Friday, May 13, 2005 | The City Council will consider a budget plan Monday afternoon that would most likely scale back services and eliminate staff positions in San Diego’s library system.
City Manager Lamont Ewell’s proposal calls for staff cutbacks, a 20-percent cut to book and materials purchases, no new computer or software purchases, and reduced library hours, an official said Thursday.
“Libraries are heavily used and they need constant upkeep and new materials to satisfy that use,” said library spokesman Arian Collins, citing the 6.5 million visitors to the system’s 34 branches.
Branches will reduce their weekly hours from 44 to 40 for the most part, Collins said, but he predicted that branch schedules would be shifted around so that the weekday and Saturday schedules would remain unchanged and that only one branch per City Council district would be open Sundays.
Proposed staff cuts include two administrators, a library development fundraiser, and 12 full-time staff members who hold jobs performing various services: cataloguing, helping patrons locate items, working in the children’s section and checking out books.
The 12 service staff cuts are expected to save the city $900,000, according to the city manager’s proposal.
The city manager’s proposed staff cuts to the library system come in the wake of a recent study showing San Diego to have the lowest full-time staff-per-book ratio, one librarian per 10,032 books, out of California’s 10 largest cities. The study, authored by the left-leaning Center on Policy Initiatives, also showed San Diego to have higher per-capita library expenditures and books-per-person ratios than the average major city in the state.
The cuts are part of an attempt to close a $50 million budget gap brought about largely by increased contributions to the city’s pension system and retiree health benefits.
In total, the $37.3 million budget is up $250,000 from last year. The biggest growth comes in fringe benefits, which were up $1.4 million over the fiscal year 2005 budget.
Another proposed personnel cut is the elimination of one of the two positions in the library system’s development office, Collins said. The position is responsible for seeking private donations, and Collins said the cut would do more harm to the system’s finances.
“No question, this position absolutely pays for itself,” he said, noting that $1.7 million in outside money was raised by the development office in 2004, more three times the amount raised before the position was created six years ago.
Only the allocations for energy, utilities and fringe benefits for staff were increased in the next year’s budget plan.
Factoring into the proposed cuts is the City Council’s decision on April 18 to waive a requirement known as the library ordinance that would allocate an additional $14 million to the $37 million penciled in for the department’s budget. Instead, the council members cited the city’s bleak financial outlook for redirecting the money to other expenditures.
San Diego County Taxpayers Association executive director Lisa Briggs said the city should better focus on its priorities so it could fund the library ordinance.
“It seems like every year since they passed the ordinance they’ve had no choice but to waive it,” Briggs said. “I look forward to the day they don’t have to waive it because I would argue that libraries are a core service for our city.”

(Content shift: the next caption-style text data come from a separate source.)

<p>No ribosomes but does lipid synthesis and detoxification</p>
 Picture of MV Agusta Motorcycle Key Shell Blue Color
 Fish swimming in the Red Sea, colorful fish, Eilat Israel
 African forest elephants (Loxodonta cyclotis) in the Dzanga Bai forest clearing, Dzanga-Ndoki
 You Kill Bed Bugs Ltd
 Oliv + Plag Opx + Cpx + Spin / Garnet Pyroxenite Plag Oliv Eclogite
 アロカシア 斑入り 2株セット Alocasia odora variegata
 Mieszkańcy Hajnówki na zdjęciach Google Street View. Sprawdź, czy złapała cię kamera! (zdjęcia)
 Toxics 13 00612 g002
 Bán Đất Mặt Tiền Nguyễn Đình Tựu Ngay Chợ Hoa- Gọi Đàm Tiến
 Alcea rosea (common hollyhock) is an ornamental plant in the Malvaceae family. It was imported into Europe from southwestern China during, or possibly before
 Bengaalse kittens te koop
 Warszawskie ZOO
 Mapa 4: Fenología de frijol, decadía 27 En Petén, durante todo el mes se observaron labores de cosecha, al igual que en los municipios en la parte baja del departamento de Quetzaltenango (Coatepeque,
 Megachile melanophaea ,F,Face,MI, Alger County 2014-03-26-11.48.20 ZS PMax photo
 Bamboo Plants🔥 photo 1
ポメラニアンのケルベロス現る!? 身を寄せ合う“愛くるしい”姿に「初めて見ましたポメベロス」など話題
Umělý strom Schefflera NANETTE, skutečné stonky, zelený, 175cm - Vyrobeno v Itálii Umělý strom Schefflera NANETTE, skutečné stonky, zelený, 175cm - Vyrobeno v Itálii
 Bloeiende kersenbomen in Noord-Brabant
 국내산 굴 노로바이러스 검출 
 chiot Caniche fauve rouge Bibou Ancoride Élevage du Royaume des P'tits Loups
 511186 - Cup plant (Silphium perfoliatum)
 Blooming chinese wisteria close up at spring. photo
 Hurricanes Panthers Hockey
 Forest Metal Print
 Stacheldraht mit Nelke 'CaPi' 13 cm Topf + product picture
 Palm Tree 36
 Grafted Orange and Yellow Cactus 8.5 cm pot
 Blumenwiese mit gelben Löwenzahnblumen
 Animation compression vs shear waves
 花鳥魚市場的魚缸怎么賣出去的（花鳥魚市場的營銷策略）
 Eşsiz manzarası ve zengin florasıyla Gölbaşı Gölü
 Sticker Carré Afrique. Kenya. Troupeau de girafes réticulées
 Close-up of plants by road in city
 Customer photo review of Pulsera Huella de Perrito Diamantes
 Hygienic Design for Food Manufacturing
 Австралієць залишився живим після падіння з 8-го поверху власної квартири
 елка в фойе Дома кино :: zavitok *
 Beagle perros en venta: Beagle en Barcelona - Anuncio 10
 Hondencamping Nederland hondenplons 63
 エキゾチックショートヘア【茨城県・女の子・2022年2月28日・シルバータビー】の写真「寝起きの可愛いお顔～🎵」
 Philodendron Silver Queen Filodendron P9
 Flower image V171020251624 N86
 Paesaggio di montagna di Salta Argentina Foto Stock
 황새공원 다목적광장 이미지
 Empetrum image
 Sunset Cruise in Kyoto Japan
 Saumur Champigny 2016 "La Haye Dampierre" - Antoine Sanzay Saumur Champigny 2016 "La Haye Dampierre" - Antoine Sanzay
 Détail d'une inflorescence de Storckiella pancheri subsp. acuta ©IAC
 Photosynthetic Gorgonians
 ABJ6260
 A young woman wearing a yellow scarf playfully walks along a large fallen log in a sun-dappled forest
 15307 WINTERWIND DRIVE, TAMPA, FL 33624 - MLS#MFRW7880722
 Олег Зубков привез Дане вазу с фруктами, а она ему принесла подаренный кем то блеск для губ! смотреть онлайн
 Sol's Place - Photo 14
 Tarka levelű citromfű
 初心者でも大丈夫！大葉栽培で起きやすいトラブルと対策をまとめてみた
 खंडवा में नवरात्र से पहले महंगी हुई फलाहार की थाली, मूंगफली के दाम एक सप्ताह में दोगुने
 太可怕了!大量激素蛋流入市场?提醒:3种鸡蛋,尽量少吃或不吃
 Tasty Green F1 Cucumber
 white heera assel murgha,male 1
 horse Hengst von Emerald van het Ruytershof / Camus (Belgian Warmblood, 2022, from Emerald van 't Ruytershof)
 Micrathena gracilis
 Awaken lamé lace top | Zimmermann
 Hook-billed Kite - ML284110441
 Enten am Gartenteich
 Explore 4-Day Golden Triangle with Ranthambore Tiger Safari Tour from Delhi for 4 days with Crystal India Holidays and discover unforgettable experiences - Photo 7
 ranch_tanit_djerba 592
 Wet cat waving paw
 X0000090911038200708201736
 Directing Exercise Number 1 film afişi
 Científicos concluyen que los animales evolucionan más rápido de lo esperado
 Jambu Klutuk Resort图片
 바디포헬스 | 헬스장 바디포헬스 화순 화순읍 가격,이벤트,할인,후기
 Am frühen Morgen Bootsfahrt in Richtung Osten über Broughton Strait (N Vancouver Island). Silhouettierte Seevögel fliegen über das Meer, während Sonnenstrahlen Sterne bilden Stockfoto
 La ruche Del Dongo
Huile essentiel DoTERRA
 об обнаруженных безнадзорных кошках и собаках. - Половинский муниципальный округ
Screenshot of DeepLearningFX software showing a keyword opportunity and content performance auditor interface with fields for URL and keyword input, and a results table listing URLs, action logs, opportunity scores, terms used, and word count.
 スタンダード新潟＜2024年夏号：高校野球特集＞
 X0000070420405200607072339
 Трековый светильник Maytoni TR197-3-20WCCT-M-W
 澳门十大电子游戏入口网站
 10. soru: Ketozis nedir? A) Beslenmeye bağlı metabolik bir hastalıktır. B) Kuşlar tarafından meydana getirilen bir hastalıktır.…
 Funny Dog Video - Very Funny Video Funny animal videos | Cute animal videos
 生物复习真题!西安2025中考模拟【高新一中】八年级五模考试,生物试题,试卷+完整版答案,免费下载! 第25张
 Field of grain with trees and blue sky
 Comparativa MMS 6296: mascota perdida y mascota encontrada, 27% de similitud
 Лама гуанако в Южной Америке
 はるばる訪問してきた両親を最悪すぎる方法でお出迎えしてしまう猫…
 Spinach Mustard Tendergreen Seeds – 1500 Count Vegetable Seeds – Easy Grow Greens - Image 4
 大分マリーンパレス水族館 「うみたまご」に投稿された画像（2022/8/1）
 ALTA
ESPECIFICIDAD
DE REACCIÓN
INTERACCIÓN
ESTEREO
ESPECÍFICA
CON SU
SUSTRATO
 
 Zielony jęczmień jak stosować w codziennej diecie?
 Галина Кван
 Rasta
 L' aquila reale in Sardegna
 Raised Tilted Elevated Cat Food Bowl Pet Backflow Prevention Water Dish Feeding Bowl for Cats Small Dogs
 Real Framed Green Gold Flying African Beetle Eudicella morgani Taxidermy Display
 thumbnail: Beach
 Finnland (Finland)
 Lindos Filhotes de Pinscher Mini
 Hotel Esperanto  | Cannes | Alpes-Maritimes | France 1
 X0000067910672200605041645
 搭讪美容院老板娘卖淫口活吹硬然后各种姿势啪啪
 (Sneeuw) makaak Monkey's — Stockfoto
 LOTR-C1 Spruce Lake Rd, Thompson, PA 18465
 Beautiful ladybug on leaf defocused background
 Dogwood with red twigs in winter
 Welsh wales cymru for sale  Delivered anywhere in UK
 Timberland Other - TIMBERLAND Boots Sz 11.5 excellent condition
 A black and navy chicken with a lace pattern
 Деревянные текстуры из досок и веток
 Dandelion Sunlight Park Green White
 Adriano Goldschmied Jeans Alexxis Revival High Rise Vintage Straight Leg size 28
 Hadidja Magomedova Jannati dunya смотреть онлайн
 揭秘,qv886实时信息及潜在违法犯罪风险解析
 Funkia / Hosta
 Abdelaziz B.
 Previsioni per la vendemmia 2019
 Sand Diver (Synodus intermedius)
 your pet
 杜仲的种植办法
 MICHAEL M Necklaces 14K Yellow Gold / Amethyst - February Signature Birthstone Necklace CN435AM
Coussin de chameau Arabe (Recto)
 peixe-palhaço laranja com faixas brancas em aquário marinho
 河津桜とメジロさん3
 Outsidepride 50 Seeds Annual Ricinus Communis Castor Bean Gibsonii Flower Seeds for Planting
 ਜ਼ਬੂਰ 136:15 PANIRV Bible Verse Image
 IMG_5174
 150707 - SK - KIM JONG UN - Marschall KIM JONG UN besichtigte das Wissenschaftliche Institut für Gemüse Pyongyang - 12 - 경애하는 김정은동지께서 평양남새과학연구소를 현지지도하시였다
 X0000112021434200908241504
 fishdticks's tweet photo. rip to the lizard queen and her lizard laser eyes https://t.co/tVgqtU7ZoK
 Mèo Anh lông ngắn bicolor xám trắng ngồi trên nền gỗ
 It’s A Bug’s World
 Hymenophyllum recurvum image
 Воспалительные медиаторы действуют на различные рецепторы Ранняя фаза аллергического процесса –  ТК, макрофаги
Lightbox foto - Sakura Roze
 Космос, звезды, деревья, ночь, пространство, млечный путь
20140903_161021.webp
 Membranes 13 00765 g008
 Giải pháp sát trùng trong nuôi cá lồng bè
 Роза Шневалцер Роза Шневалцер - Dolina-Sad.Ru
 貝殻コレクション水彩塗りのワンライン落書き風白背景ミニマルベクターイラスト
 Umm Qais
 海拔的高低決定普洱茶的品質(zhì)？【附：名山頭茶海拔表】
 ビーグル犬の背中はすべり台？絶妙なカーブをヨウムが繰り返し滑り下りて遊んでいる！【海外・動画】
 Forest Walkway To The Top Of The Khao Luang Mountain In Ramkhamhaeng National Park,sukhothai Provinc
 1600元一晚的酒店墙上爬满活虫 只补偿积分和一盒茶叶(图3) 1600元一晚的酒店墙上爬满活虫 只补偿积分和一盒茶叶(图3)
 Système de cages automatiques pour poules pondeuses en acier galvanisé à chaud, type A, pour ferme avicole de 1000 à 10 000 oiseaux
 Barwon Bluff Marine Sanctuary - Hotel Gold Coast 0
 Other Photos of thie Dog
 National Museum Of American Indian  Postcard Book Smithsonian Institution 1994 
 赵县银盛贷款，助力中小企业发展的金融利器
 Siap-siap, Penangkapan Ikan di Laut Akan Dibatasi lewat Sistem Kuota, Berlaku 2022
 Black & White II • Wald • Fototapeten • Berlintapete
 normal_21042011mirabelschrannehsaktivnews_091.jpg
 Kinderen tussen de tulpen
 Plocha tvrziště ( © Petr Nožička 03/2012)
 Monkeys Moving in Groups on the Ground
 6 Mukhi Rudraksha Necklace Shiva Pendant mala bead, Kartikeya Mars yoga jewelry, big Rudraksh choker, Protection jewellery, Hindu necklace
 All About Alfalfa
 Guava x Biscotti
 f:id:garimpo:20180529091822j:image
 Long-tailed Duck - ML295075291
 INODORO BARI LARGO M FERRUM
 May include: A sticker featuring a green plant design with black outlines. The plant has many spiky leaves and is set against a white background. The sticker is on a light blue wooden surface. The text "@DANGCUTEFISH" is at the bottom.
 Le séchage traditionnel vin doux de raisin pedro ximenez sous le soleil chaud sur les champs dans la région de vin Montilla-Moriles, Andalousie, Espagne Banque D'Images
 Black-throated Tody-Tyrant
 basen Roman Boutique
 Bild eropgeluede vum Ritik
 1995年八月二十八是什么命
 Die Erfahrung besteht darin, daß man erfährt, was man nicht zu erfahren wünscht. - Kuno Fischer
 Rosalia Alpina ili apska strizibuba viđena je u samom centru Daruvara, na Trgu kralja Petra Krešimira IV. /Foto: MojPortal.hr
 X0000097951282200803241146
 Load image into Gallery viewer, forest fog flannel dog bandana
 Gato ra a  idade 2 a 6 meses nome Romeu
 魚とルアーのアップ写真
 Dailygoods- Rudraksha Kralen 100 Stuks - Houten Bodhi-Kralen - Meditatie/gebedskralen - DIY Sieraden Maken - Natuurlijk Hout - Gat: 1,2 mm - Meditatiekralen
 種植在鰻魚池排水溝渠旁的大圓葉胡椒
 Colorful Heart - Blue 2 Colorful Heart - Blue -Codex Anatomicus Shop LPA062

The library ordinance, enacted in fiscal year 2002, has been waived the last two years. If the ordinance were upheld, Collins said the library would most likely be able to restore its cuts to book-buying and acquiring new technology, better maintain branch buildings, and boost its contribution to the READ San Diego literacy program for adults since the county withdrew its support last year.
The library services budget does not include money spent on facility construction, such as the proposed main library downtown, although the council will also consider a capital projects budget proposal Monday that has sets aside $69.5 million in the next fiscal year for the flagship library’s construction.
The council will consider the budget proposals for the next fiscal year at 2 p.m. on Monday at the City Administration Building, 202 C Street.